It’s like the deep sea version of bottom fishing for catfish in your home lake. Except the lake is the ocean, the bottom can be over 1,000 feet below you, and the catfish might be as big as your boat. Intrigued?
What is Deep Drop Fishing?
Give something a hot marketable name, and everyone’s hooked like a yellow-tail. Deep drop is the latest buzzword getting attention in the offshore fishing world. It’s not exactly new, but it’s certainly unique to most people.
This type of fishing is simply deep sea fishing on the bottom. It’s a lot of work since you’re spinning out and reeling in 1,000 feet or more of line.

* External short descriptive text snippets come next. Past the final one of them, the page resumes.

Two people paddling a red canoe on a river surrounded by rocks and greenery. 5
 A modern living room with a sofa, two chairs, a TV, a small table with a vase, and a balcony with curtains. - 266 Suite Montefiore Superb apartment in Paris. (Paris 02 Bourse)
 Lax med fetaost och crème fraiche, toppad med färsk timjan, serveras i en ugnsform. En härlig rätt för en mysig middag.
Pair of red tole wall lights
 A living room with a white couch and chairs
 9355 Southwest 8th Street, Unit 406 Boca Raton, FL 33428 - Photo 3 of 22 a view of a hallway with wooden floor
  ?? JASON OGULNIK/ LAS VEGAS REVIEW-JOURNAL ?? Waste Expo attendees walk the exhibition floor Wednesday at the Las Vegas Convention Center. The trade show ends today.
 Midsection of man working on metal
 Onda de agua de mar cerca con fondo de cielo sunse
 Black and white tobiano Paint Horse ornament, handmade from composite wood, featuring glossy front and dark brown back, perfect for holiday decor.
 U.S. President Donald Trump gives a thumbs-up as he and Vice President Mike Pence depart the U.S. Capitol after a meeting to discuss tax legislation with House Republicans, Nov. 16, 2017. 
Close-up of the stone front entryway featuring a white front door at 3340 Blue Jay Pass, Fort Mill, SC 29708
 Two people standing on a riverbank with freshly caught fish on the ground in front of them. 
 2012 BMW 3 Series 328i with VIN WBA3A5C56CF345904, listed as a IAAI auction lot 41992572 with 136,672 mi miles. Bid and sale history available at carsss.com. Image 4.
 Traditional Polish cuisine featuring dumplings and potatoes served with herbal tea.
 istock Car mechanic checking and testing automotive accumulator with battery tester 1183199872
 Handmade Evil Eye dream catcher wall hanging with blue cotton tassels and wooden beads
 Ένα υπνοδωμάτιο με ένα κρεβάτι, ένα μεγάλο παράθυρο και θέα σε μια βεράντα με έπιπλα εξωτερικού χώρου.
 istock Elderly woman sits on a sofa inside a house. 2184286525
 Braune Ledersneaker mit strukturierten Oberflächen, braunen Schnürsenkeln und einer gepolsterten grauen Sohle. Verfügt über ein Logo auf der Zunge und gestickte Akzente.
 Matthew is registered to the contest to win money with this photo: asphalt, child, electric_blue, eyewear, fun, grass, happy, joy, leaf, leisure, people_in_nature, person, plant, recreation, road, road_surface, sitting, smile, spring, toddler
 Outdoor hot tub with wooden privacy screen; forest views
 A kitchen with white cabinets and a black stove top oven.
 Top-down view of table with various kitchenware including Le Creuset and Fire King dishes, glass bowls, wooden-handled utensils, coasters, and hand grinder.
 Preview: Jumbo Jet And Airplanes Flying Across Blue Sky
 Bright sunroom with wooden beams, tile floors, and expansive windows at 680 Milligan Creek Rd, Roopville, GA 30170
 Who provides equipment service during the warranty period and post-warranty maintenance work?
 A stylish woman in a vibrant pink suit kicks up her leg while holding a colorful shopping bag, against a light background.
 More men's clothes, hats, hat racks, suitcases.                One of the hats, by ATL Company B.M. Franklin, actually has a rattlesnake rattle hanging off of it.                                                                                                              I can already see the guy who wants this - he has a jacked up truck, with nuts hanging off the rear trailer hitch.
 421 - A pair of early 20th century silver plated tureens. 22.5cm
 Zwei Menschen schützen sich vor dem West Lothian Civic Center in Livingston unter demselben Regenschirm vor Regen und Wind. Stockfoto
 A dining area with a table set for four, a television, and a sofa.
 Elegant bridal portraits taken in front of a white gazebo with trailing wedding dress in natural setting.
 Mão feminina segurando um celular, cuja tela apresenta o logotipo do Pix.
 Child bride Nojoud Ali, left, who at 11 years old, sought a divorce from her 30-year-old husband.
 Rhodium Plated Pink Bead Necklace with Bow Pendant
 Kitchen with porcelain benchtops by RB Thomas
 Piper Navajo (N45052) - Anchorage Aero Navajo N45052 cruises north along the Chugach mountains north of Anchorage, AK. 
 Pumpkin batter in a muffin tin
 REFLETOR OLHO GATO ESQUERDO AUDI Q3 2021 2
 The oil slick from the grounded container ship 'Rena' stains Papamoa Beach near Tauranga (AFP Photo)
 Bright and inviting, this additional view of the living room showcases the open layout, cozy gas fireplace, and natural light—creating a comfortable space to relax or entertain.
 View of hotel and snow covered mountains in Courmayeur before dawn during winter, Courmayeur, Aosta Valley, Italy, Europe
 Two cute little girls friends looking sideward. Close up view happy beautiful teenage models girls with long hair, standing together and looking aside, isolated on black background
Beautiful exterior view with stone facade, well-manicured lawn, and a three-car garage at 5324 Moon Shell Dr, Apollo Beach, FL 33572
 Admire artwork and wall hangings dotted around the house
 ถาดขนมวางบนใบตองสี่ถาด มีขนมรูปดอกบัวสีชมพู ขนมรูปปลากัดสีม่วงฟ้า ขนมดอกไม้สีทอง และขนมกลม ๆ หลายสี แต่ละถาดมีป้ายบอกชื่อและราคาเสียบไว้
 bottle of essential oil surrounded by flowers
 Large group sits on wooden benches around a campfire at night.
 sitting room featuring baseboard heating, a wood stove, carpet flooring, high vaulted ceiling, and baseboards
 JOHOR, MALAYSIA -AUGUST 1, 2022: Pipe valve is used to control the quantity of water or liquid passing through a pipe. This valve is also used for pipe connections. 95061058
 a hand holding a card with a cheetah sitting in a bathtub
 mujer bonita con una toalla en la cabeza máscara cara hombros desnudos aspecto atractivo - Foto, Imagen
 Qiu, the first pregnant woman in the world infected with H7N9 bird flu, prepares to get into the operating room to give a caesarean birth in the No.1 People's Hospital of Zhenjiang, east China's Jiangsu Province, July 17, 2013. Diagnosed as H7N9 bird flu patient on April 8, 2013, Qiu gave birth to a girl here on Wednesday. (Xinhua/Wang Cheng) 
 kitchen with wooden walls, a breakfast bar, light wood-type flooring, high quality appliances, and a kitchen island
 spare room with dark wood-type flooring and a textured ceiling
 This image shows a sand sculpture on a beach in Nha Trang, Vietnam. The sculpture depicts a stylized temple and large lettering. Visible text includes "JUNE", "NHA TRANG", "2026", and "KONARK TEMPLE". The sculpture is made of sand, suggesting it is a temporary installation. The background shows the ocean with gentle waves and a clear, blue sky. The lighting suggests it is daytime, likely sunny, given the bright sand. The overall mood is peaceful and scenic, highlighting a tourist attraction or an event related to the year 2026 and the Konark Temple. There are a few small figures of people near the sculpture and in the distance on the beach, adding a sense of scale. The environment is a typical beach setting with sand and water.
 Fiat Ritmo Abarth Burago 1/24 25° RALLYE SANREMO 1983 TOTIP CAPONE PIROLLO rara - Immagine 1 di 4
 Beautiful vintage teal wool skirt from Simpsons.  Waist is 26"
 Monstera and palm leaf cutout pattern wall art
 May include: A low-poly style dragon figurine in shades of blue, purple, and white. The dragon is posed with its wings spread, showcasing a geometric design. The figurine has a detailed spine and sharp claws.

Commercial fishermen have been deep-dropping for decades. But it’s the availability of high-powered electric reels and better terminal tackle that has made it possible for recreational anglers to give it a go.
Deep Drop Guide to Methods and Habitats
Deep drop fishing takes place in 600 to 1,800 feet of water. Depending on the type of fish you’re after, you’ll be looking for divots, ledges, or sea mounds that fish like to congregate around.
Dropping a line to such depths comes with a few problems. You’ll need to load up on some weight to get the line down as fast as possible. The more current present, the more weight you’ll need. It’s not uncommon to fish rigswith over five pounds of weight on Florida’s east coast in the Gulf Stream.
One of the keys to an enjoyable day of deep drop action is a good electric reel. When these reels first hit the market, the sticker shock was extreme. The best ones could cost you as much as $5,000.
Luckily, prices have come down since then, and there are more budget-friendly options. It’s still not a cheap way to catch fish. But you can get a capable electric reel for under a grand, with the best ones selling for $3,500 to $4,000.
It is possible to deep drop with a conventional reel, but it takes patience and hard work. Remember, once you get a bite, you’ve got a lot of line to pull in. Many times, it’s a race against the clock if there are sharks in the area.
You’ll also want to equip your vessel with a state-of-the-art sonar unit capable of ultra-deep, accurate soundings. This allows you to find fish and identify terrain features where they may be hiding.
Deep Drop Florida Regulations and Requirements
When deep sea fishing, it’s vital to know what jurisdiction you are in. Off of the coast of Florida, state waters go out to three miles in the Atlantic and nine miles in the Gulf.
Beyond state boundaries, federal rules apply out to 12 nautical miles. But state landing regulations apply whether fish caught in state or federal waters.
Popular Deep Drop Florida Species
At least half the fun of deep drop work is seeing what you bring up. These aren’t your typical reef fish–these creatures live their life in dark, cold water far away from all the other fishermen.
When you’re ready to try your hand at it, find a deep drop guide who can point you in the right direction and show you the best rigs to use for your area.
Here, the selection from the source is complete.